Otis Commences Drilling at Kilgore Project

 

VANCOUVER, BC - Otis Gold Corp. has commenced an approximately 25 hole, 8,000 meter drill program at the Kilgore Project, Clark County, Idaho. The primary goal of the drill program is to follow up at depth on drill intercepts achieved in 2016 at the existing Kilgore Deposit, primarily in the prospective Aspen Formation host unit. Further, 2 of the planned holes will be drilled for metallurgical test purposes. Drilling will continue through November and results will be announced as they become available.
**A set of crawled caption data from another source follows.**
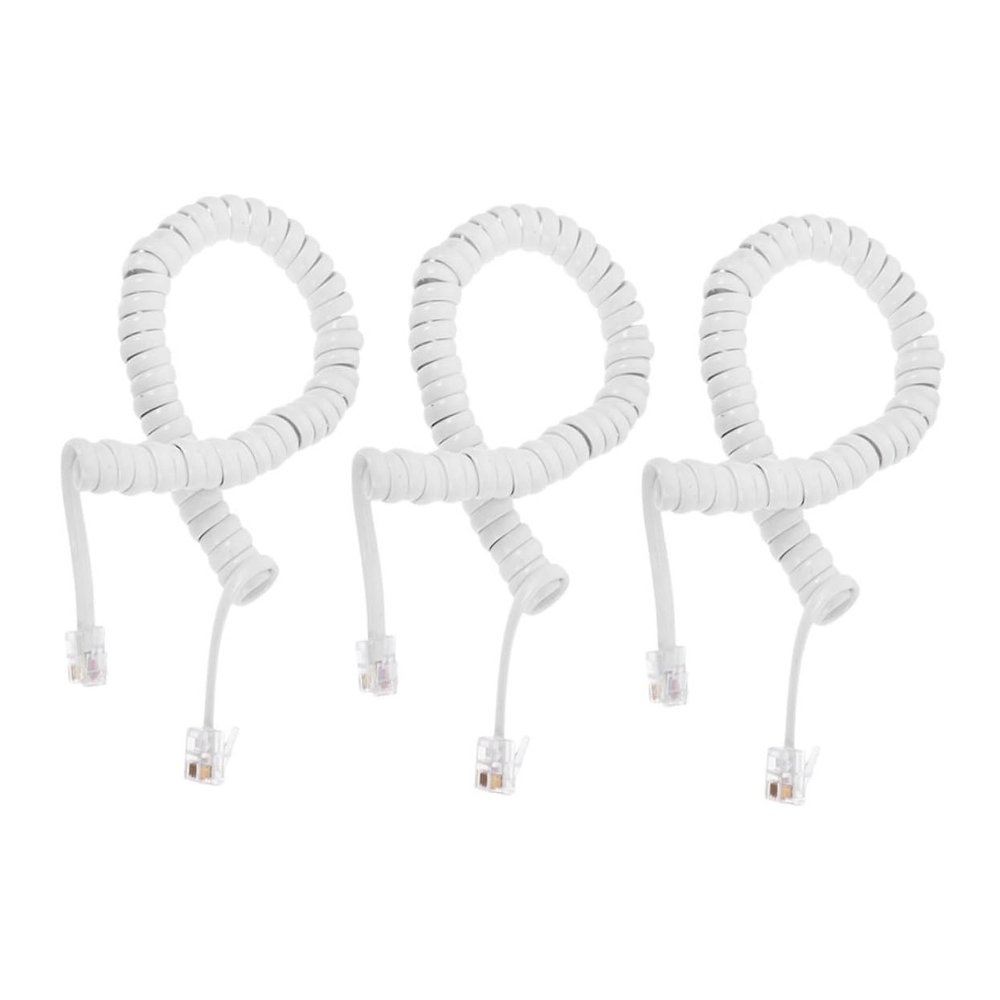 DIYEAH 3pcs Receiver Coil Cord for Landline Phones Telephone Cable Stretchable Spring Wire Anti-Tangle Design Ideal for Use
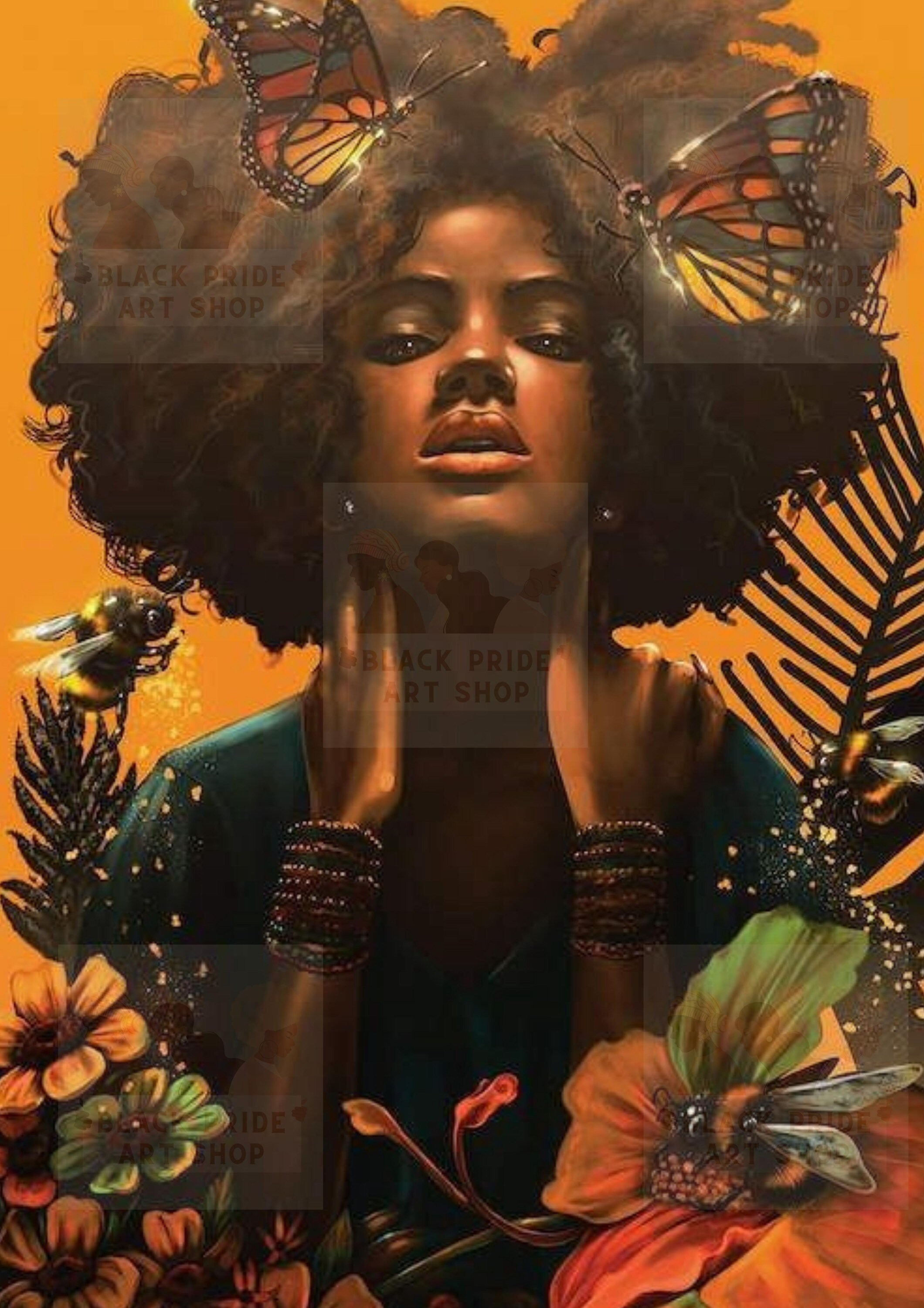 Black Woman Art Black Woman Wall Art Black Woman Print Etsy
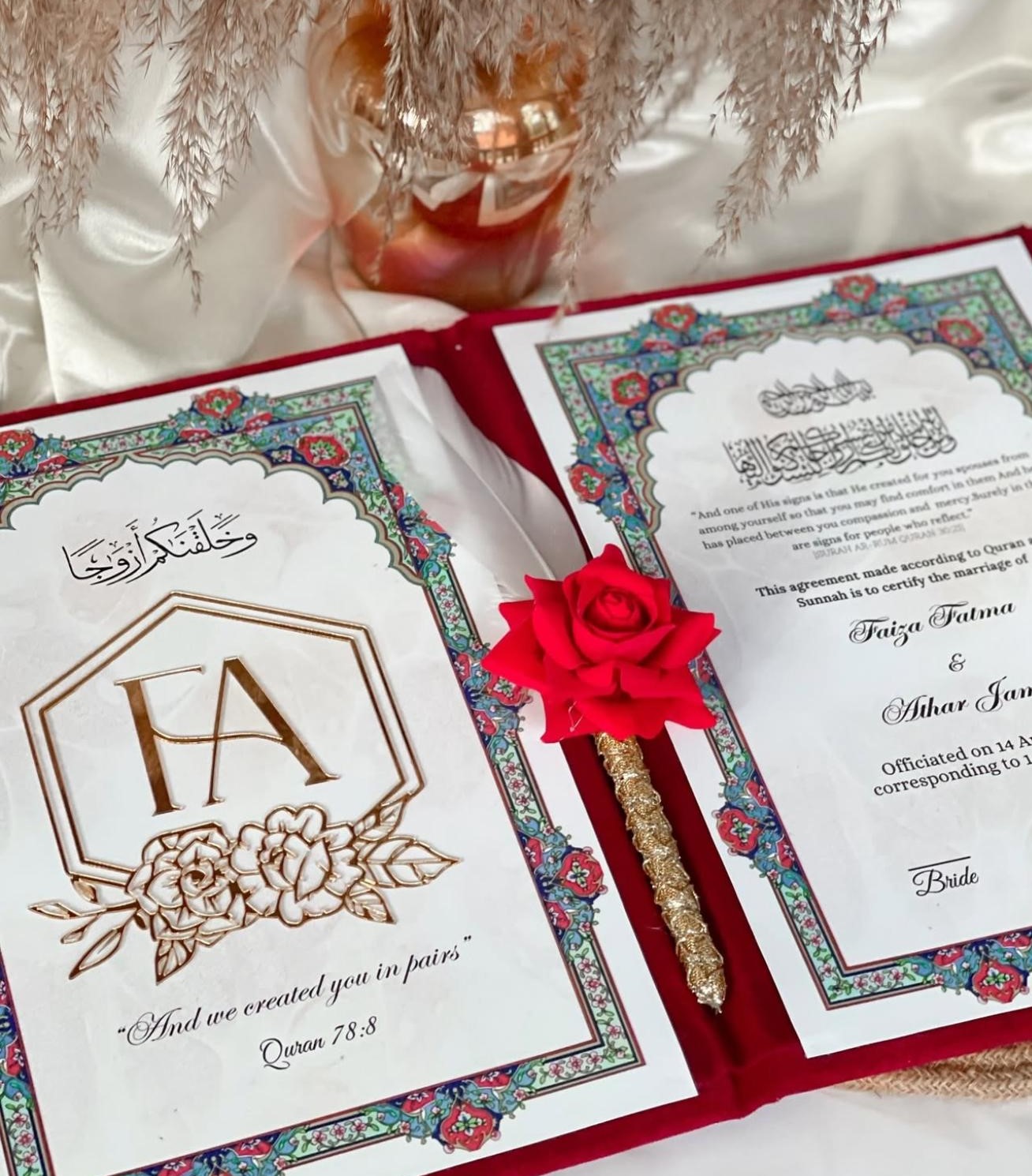 Personalized Red Velvet Nikkah Nama Folder – Luxury Custom Islamic Marriage Certificate Holder with Silver Floral Monogram, Wedding Date & Elegant Pakistani Muslim Wedding Design - Image 3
All drilling will be conducted by Timberline Drilling of Hayden Lake, Idaho employing two Atlas Copco CS-14 track-mounted core rigs.

On a parallel basis, the Company is implementing an approximately 250 line-kilometer ground magnetometer survey to complement the magnetic survey work completed in 2016. Upon completion of this program, Otis will have ground magnetic coverage over its entire Kilgore land package.

The company has commenced a sampling program comprising approximately 2,500 soil and rock-chip samples to expand coverage of the existing soils database. These new data, when factored with structural information, geology and the magnetic data, will be used to plan exploration drilling for 2018 and beyond as the Company continues to explore for additional deposits along the Kilgore Caldera margin. In addition Otis has acquired several airborne surveys flown initially by Aerodat Inc, for Echo Bay Mines Ltd, in the early 1990s. The data, secured from a subsidiary of Fugro Geophysics of Toronto, Canada, includes a GPS registered airborne magnetic survey, several channels of radiometrics and an airborne resistivity survey. The information will be integrated with other geologic data accumulated on the property for drill targeting purposes. Of particular interest is the resistivity data which shows good correlation with the Kilgore deposit and its northern extension. The potassium channel on the radiometric survey will be useful in targeting other areas on the property containing the quartz-adularia signature characteristics of the Kilgore deposit. Adularia is a low-temperature potassium feldspar that typically forms in lower temperature hydrothermal deposits and has a significant radiometric response due to the presence of the potassium-40 (40K) isotope in its mineral lattice.